Has Karl Rove hired Jed Graham as the new spinmeister:

Aided by surging tax receipts, President Bush may make good on his pledge to cut the deficit in half in 2006 – three years early. Tax revenues are running $176 billion, or 12.9%, over last year, the Treasury Department said Monday. The Congressional Budget Office said receipts have risen faster over the first eight months of fiscal ’06 than in any other such period over the past 25 years – except for last year’s 15.5% jump … While gains are broad, those at higher-income levels are enjoying bigger salary hikes. Because they pay higher rates, federal tax revenues soar when they do well. Those making over $200,000 now pay 46.6% of total income taxes, presidential adviser Karl Rove recently said. That’s up from 40.5% – despite Bush’s tax cuts.

That the very rich pay a large share in taxes simply reflects they receive a large share of the nation’s income. But it’s this comparison of nominal tax revenues for a portion of this fiscal year v. a portion of the previous fiscal year is misleading for several reasons – two related to variability and two related to long-term growth.

On the former – consider our graph of nominal tax revenues. We have discussed several times the fact that the U.S. economy was bound to eventually recovery from the 2001 recession. But also notice that there was a temporary dip in tax revenues during the middle part of 2005.

One might be tempted to say that nominal tax revenues in 2006QI were 15% higher than they were in 2001QI. But check out our second graph, which shows tax revenues fell relative to nominal GDP. Part of the reason for this decline relates to the fact that the price-level was 12.8% higher in 2006QI than it was in 2001QI. Alas, average real GDP growth has been rather anemic over the past 5 years.

One would have hoped that Investor’s Business Daily would have better reporting on the economy that we get from this crowd.

Update: President Bush answered a question about inflation thusly:

On fiscal policy, though, I would strongly urge the Congress to recognize why we have grown the way we have grown, why we’re — have got strong economic growth in the first quarter of this year, why we’ve added over 5 million new jobs in a – in two-and-three-quarters years, and that’s because the tax cuts are working, and they need to make the tax cuts permanent. Pro-growth economic policies work. And that’s why I’ve been calling for permanence in the tax code. And so there will be monetary policy – we’ll pay attention very carefully to signs, inflationary signs. That’s Ben Bernanke’s job. Our job is to work with Congress to have wise fiscal policy. And wise fiscal policy means not only keeping revenues low, but it also means being wise about how we spend the people’s money.

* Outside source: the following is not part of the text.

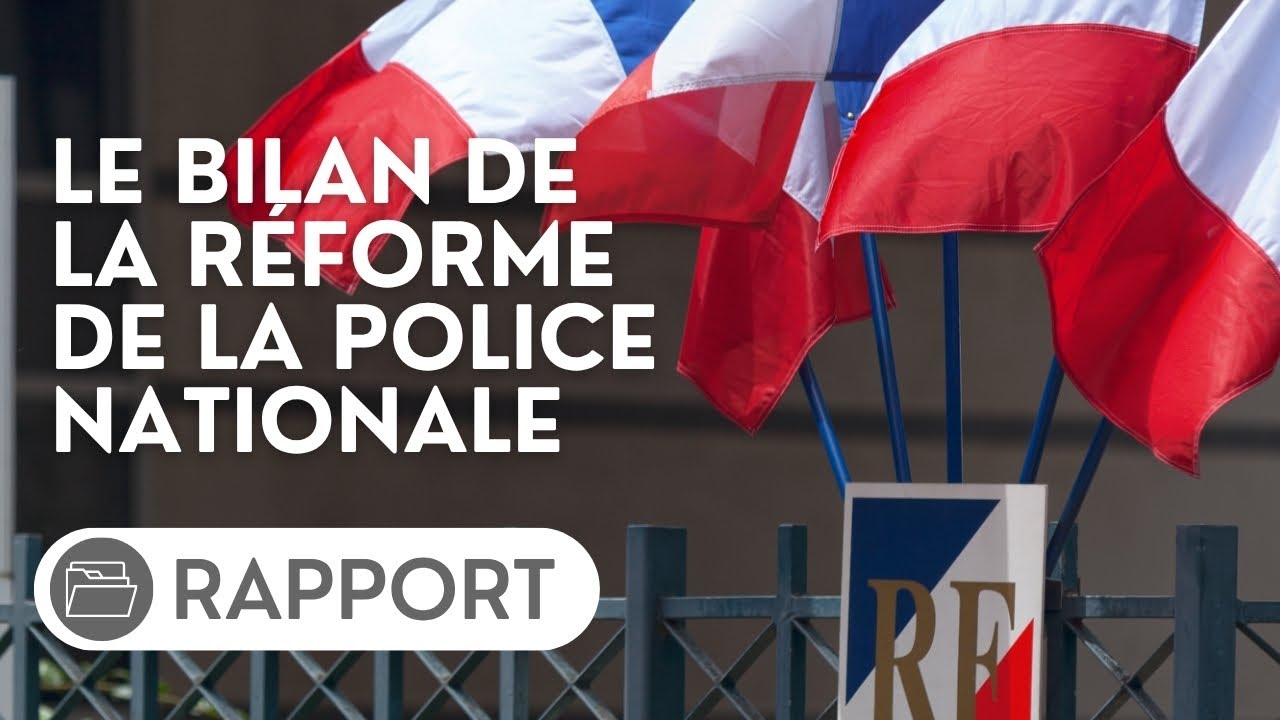 🔴 Rapport sur le bilan de la réforme de la police nationale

That’s right – the President’s stated goal is to not have tax revenue growth, which means high deficits forever. And by telling Bernanke that fiscal policy will remain reckless, the path to low inflation requires higher interest rates, which of course reduces investment and long-term growth. But if we have permanent deficits as the President just promised – Sargent & Wallace’s Unpleasant Monetarist Arithmetic suggests that the FED will have a very difficult job in controlling inflation.

Maybe the President is simply following the advice of Peter Ferrara who opposes the efforts of the Entitlements Commission to have a balanced reduction in government spending along with tax increases. Sad.

Update II: Judd at Thinkprogress is tracking the rightwing bloggers who are crowing about the Investor’s Business Daily spin:

It shows a lot about the state of fiscal discipline in the conservative movement that these kind of numbers are cause for celebration.